On Monday, the British travel firm Thomas Cook collapsed, leaving hundreds of thousands of travelers stranded around the globe. The 178-year-old company, which ran hotels, resorts and airlines in 16 countries, had been experiencing financial turbulence for some time, and, unable to secure funding to repay its creditors, declared bankruptcy. The legacy brand’s demise may have been inevitable, but for so many people now left desperately trying to get back home, the end of Thomas Cook feels nothing if not terribly abrupt.
“It’s not a surprise that Thomas Cook went under, but what is surprising to us is how suddenly it all just stopped,” Ben Mutzabaugh, senior aviation editor, The Points Guy tells NBC News BETTER.
Mutzabaugh asserts that though the Thomas Cook affair is deeply disconcerting, this kind of situation isn’t likely to occur in the United States.
“The collapse of an outfit like Thomas Cook just won’t happen here. In the U.S., we don't have any major airlines like Thomas Cook, which was kind of an anachronism in our modern economy," says Mutzabaugh
“We do have tour operators here that bundle travel, but it’s a little bit different in structure,” Mutzabaugh explains. “Those operators tend to combine packages — hotel and tours — with airfare, but the airfare is provided by a stand-alone and separate airline. Thomas Cook had all of those things under one roof. It didn’t own the hotels, but it leased/owned the planes under the same roof as travel agents who put together the hotel and tour packages. Think of it as something like Carlson Wagonlit or AAA, but with airplanes, or, for the internet era, Priceline or Expedia — except if they also owned their own airplanes and sold their own tickets. That’s more or less what we had with Thomas Cook's model.”

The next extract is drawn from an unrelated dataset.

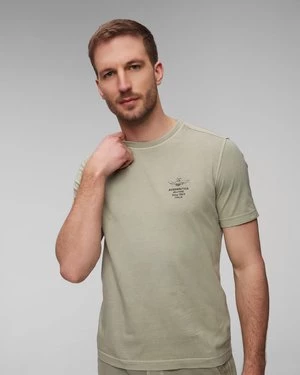 Zielony T-shirt Męski Aeronautica Militare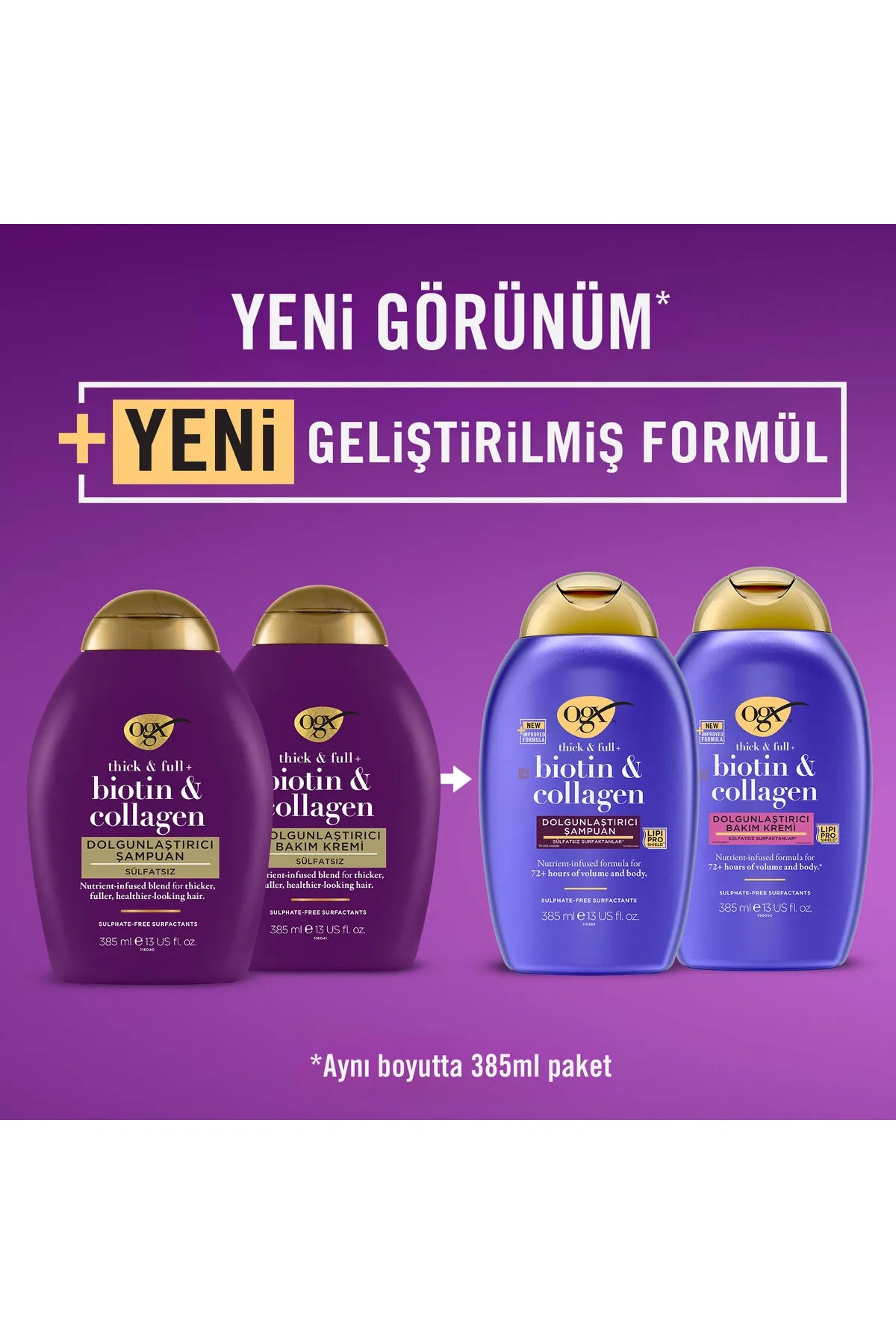 OGX Dolgunlaştırıcı Biotin & Kolajen Sülfatsız Şampuan 385 ml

Additionally, Mutzabaugh says, “none of our major airlines are operating under deep stress — all are fairly profitable.”
Another distinguishing factor is that bankruptcies play out differently in the U.S. than they do in the U.K. and other countries. Even if a U.S.-operated airline were to tank, it wouldn’t just halt operations without some kind of plan in place.
“We have seen airlines declare bankruptcy in the U.S. and continue to fly,” says Mutzabaugh. “[Our system] is pretty well-regulated around what airlines owe you or not if they go out of business.”Sara Rathner, travel and credit cards expert at NerdWallet, adds that though rare, airlines have closed up shop in the U.S. “seemingly overnight”, and stresses that it’s important for travelers to take necessary measures to ensure they won’t risk getting stuck abroad should such an unlikely scenario occur.
What steps can consumers take to protect themselves should their airline nosedive while they’re traveling? It comes down to one surprisingly simple move: Book with a credit card that offers travel protection.
“When you book future travel, book everything with a credit card thatoffers coverage if your trip is canceled or delayed, which can help soften the financial blow of your plans falling apart,” says Rathner.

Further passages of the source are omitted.